Den hof

De oppervlakte van de tuin (in het groen gekleurd op de afbeelding) is zo’n 50 m². Toen we het huis in 1999 kochten, was de hele koer geplaveid, stond op de ene helft van de koer een soort overdekte remise, en stonden tegen het achterhuis wat koterijen geplakt (een toilet en—denken we—een kolenhok). Tegen het kolenhok had een vlinderstruik zichzelf geplant, en links en rechts groeiden wat boomscheuten en varens tussen de stenen.

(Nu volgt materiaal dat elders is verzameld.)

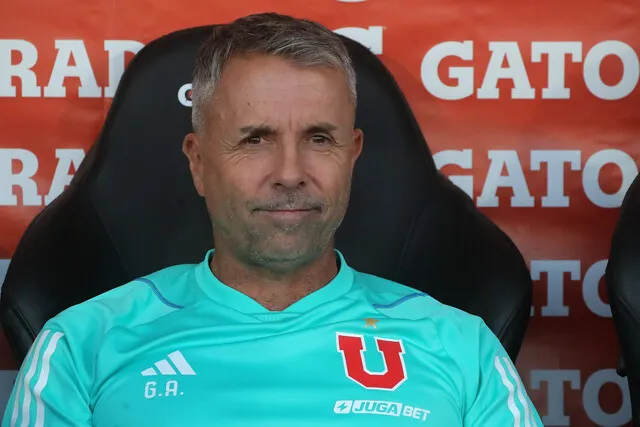 Álvarez se mosqueó en conferencia por esta consulta | Foto: Photosport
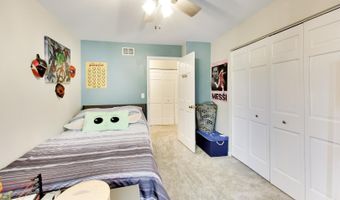 30 Oxford Ct, Algonquin, IL 60102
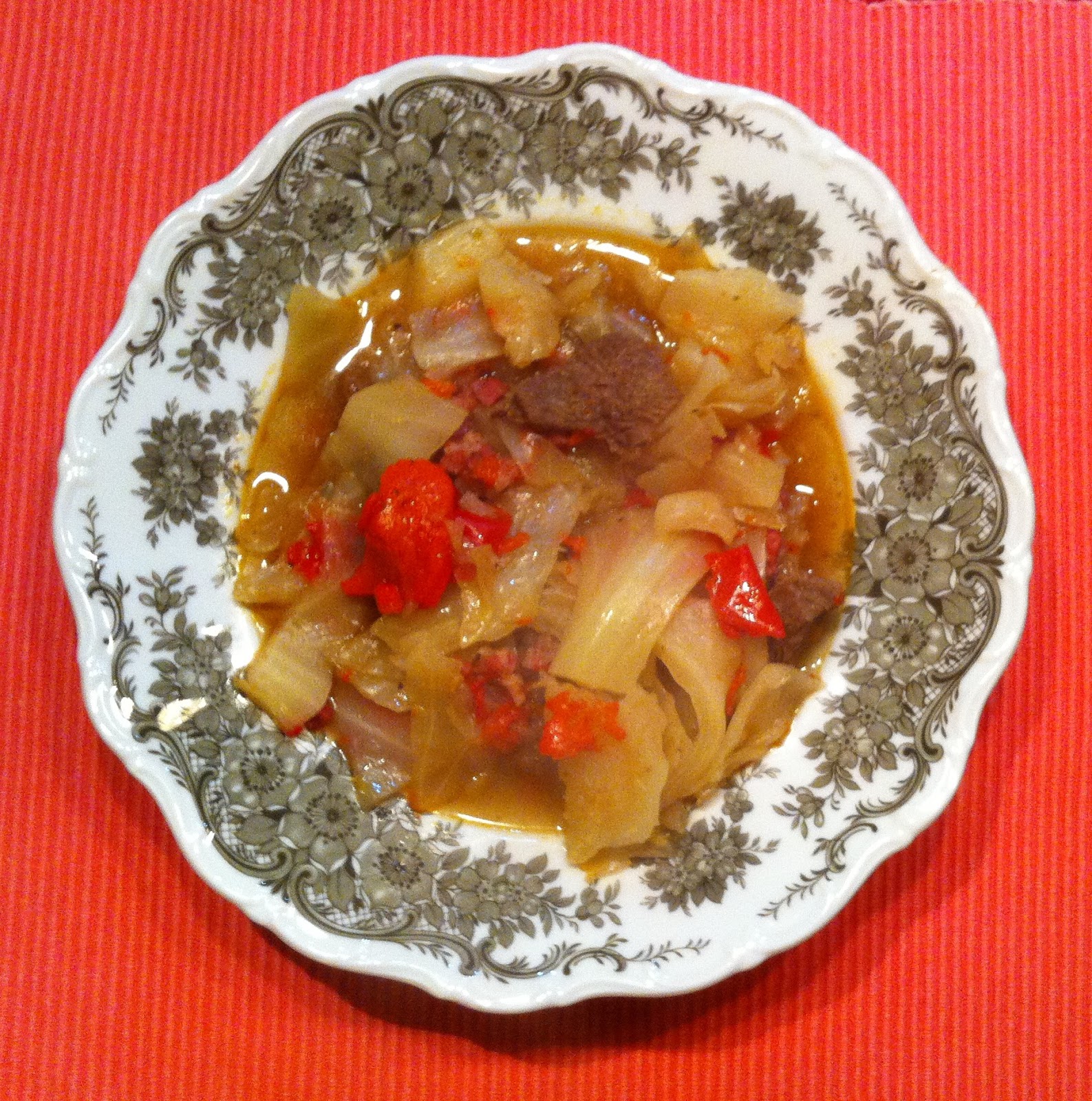Wessels low carb Welt: Weißkohl-Eintopf mit Rindfleisch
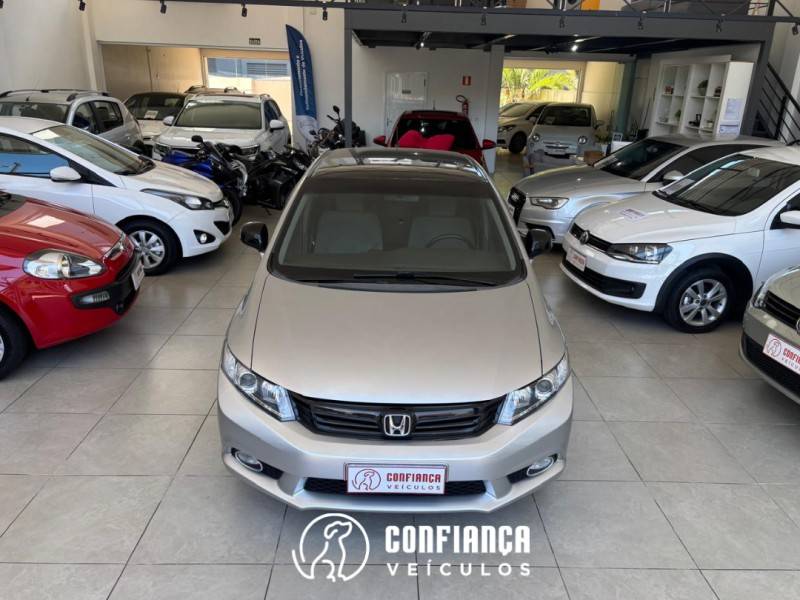 HONDA - CIVIC - 2013/2014 - Prata - R$ 68.900,00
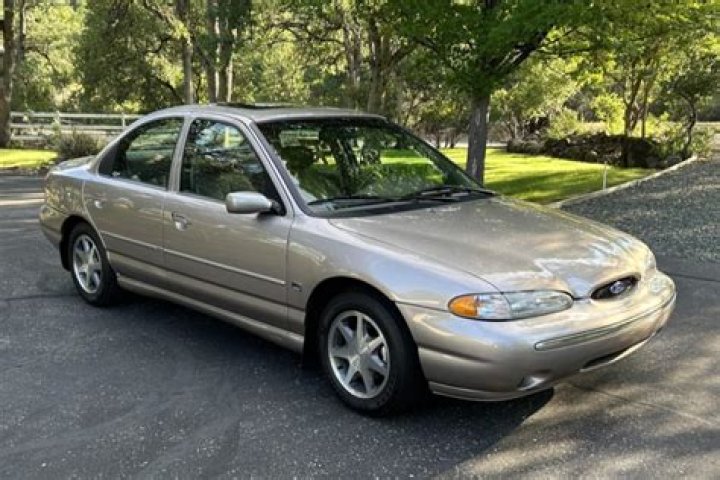 Is a 1999 ford contour se a good car?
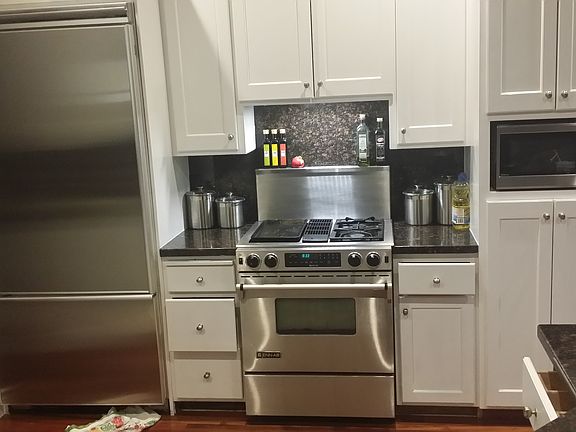 3rd image of 385 S Ponderosa Dr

Omdat bij de minste regen de keuken overstroomde, heb ik redelijk snel de niet-overdekte helft van de koer opgebroken en de tegels ervan weggehaald. De grond onder de tegels zat vol glas, steengruis, ijzer, en in het algemeen: afval van eeuwen koer-zijn. Bijzonder spectaculair was ook wel dat hele stukken grond helgroen waren: blijkt dat in het achterhuis ooit nog een kopersmelterij gezeten heeft.

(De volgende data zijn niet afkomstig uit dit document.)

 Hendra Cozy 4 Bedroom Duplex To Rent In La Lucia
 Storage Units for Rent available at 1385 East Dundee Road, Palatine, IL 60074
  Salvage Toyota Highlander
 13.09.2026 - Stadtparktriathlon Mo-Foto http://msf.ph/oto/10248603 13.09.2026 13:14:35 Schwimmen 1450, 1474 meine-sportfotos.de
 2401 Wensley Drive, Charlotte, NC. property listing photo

We hebben een tijdje geprobeerd om er gras op te laten groeien, maar er is zeker in de winter gewoon te weinig licht en te veel vochtigheid om dat meer dan een half jaar te laten overleven — dat gaf elk jaar in de lente dit soort taferelen, ’t is te zeggen dat ik gewoon telkens opnieuw gras moest zaaien:

En dus heb ik het na een tijd dan maar laten doen wat het wou, en is de koer helemaal verwilderd:

In 2015 hadden we ook aan de keuken bijgebouwd, en was het helemaal om zeep in den hof. Tot we geld gespaard hadden om hem gewoon voor écht aan te leggen, met een ontwerp en alles:

…wat allemaal relatief goed ging, behalve dat ook hier elk jaar tegen het einde van de winter alles dat een combinatie van niet té veel drassigheid en niet té veel donkerte, gewoon dood ging. En ik dus elk jaar nieuwe kruiptijm mocht planten.

Dat heb ik na een paar jaar opgegeven, en ik heb gewoon belists het mos te laten groeien dat er hoedanook ook zou gekomen zijn.

En daar zijn we nu: een hof die eigenlijk onderhoud nodig heeft dat ik een tijd lang niet meer heb kunnen geven wegens slechte rug en kapotte knie.